Für den Fall der Beendigung der Verfahrensstandschaft durch Wegfall der Vertretungsvoraussetzungen nach § 1629 Abs. 2 Satz 2 BGB siehe sogleich II. 1. Diese müssen nämlich stets kumulativ vorliegen.

[3] BeckOGK/Amend-Traut, Stand 1.12.2022, BGB § 1629 Rn 104; MüKo-BGB/Huber, 8. Aufl. 2020, § 1629 Rn 94.
[4] BT-Drucks 7/650, S. 176; BT-Drucks 13/4899, S. 96; BT-Drucks 18/5901, S. 23; BGH FamRZ 2013, 1378.

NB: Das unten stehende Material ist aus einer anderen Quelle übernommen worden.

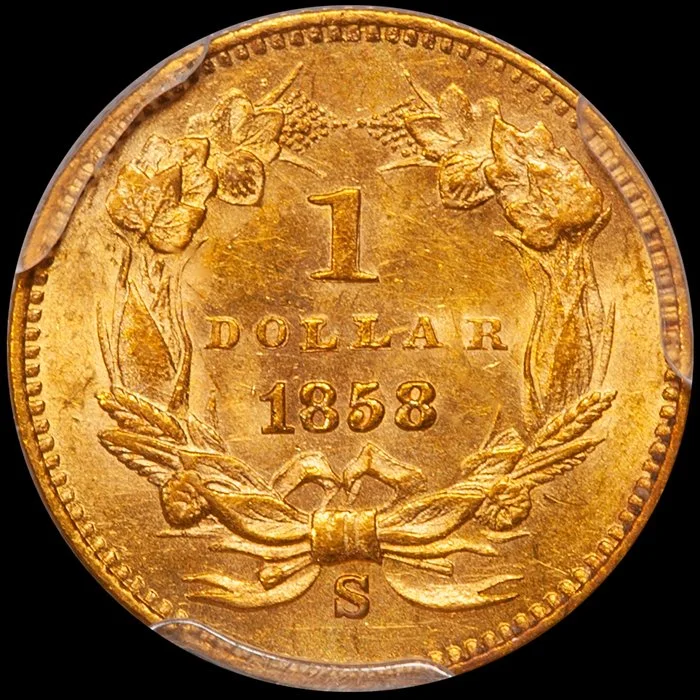 Gold Dollar. 1858-S San Francisco $1 gold coin. PCGS MS62 CAC.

[6] OLG Brandenburg MDR 2015, 1427; KG FamRZ 1988, 313; MüKo-BGB/Huber, 8. Aufl. 2020, § 1629 Rn 100. Aus der Beteiligtenstellung des Elternteils ergibt sich ferner, dass Wideranträge auf Zahlung von Trennungsunterhalt möglich sind, OLG Köln FamRZ 1995, 1497. Auch kommt es für die Bewilligung von Verfahrenskostenhilfe auf die Person des Elternteils an, vgl. BGH FamRZ 2006, 32; BGH FamRZ 2005, 1164.

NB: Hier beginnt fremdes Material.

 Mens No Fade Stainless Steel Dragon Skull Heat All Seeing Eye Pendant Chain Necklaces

[7] BGH FamRZ 1990, 283; BGH FamRZ 2013, 1378; BGH FamRZ 2014, 917; OLG Schleswig FamRZ 2014, 1643; wohl unzutreffend daher BeckOGK/Amend-Traut, Stand 1.12.2022, BGB § 1629 Rn 106, die den Fall mit dem Ende der Voraussetzungen des § 1629 Abs. 2 Satz 2 BGB zu verwechseln scheint.
[8] BGH FamRZ 2013, 1378.
[10] Diese wird er erteilen, andernfalls droht Antragszurückweisung wegen Unzulässigkeit, vgl. Schmitz in Wendl/Dose, Das Unterhaltsrecht in der familienrichterlichen Praxis, 10. Aufl. 2019, § 10 Rn 50.
[11] Da keine Änderung des Streitstoffs erfolgt, bedarf es vor einer mündlichen Verhandlung seiner Zustimmung nicht, BGH FamRZ 2013, 1378. Danach allerdings schon, wobei diese nach §§ 113 Abs. 1 Satz 2 FamFG, 267 ZPO vermutet wird, wenn er sich dazu in den folgenden Terminen rügelos einlässt. Seine Einwilligung kann nach §§ 113 Abs. 1 Satz 2 FamFG, 263 ff. ZPO bei Sachdienlichkeit auch ersetz werden, vgl. BGH FamRZ 2012, 1793; BGH FamRZ 2014, 917.
[12] BGH FamRZ 2013, 1378. Der BGH hat 2013 seine Rechtsprechung geändert. Bis dato ging er in diesem Fall von einem Beteiligtenwechsel kraft Gesetzes aus. Das Kind wurde also zwangsläufig in das Verfahren hineingezogen.
[13] § 1629 Abs. 3 Satz 2 BGB regelt insofern einen gesetzlichen Fall der Rechtskrafterstreckung, soweit es um Beschlüsse geht, vgl. BeckOGK/Amend-Traut, Stand 1.12.2022, BGB, § 1629 Rn 105.